- Aim of the task
Return only these lines: the one that contains "グレー サイズ：XL 【080424】（オフホワイト）" and every line after it through the end of the listing, exactly, without pictures.

- Information shown
···

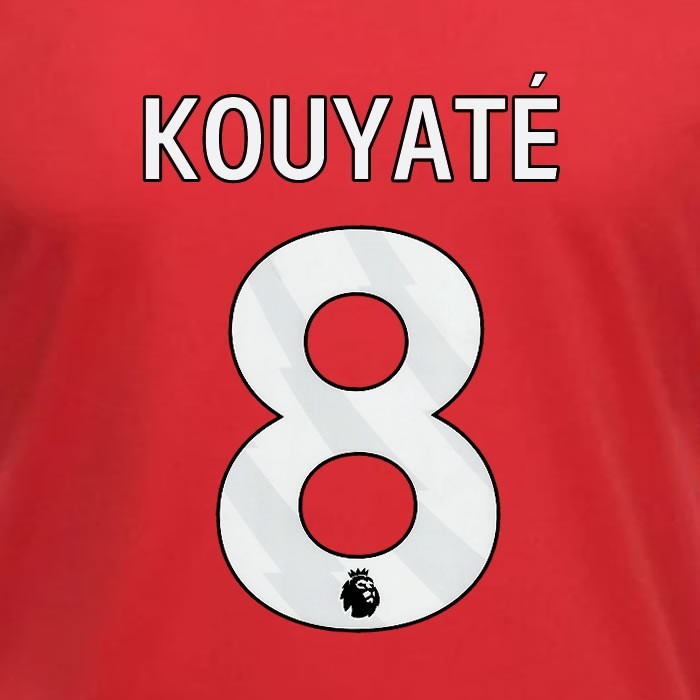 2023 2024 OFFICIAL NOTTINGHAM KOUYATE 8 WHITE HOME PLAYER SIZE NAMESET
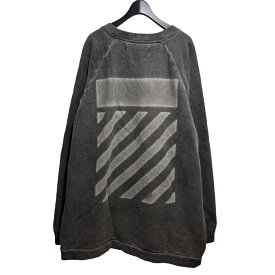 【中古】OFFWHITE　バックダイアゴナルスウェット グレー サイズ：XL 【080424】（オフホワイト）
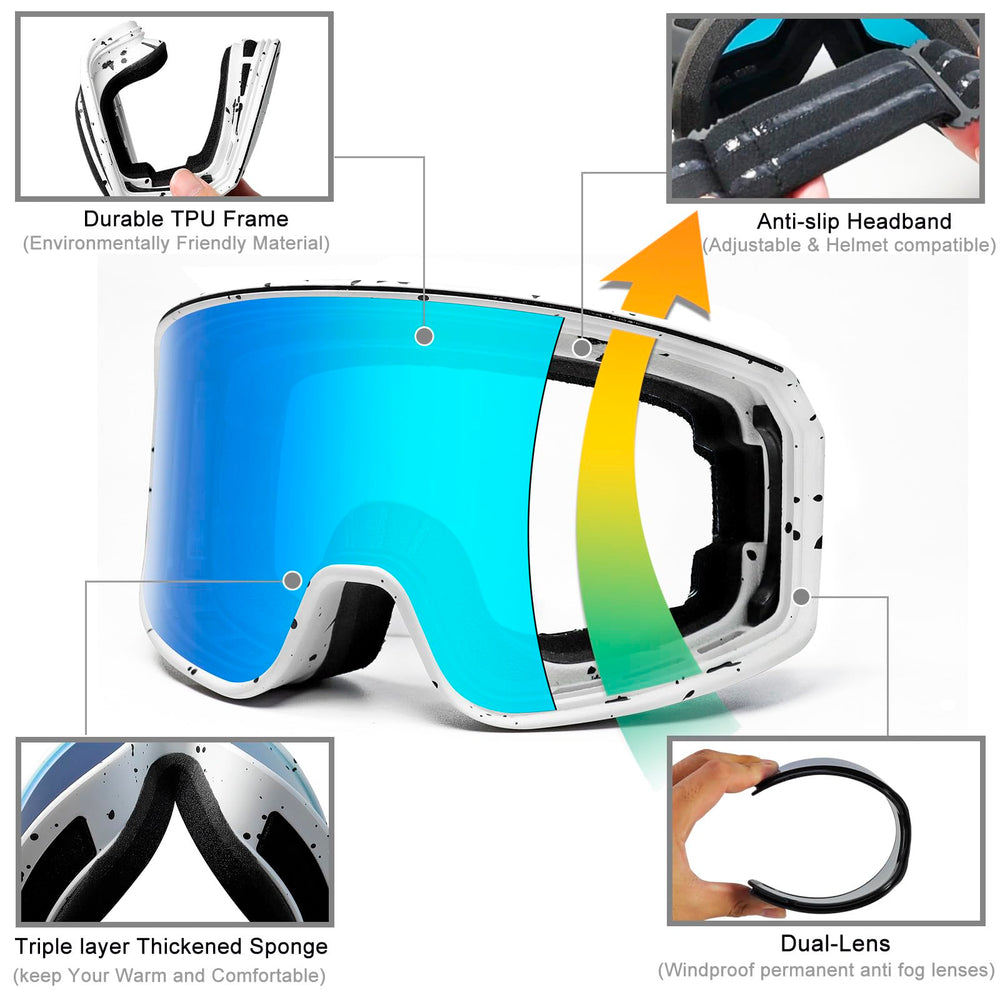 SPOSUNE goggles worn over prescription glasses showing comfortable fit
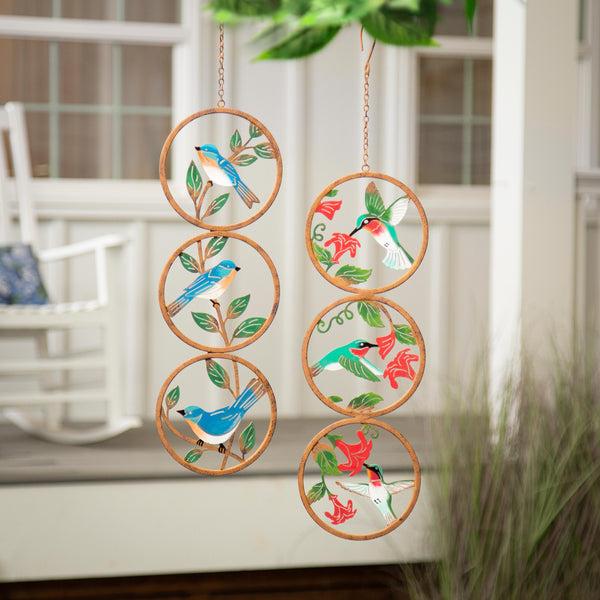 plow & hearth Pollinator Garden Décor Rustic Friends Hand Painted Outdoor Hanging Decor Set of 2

···

- Exercise answer
 【中古】OFFWHITE　バックダイアゴナルスウェット グレー サイズ：XL 【080424】（オフホワイト）
 SPOSUNE goggles worn over prescription glasses showing comfortable fit
 plow & hearth Pollinator Garden Décor Rustic Friends Hand Painted Outdoor Hanging Decor Set of 2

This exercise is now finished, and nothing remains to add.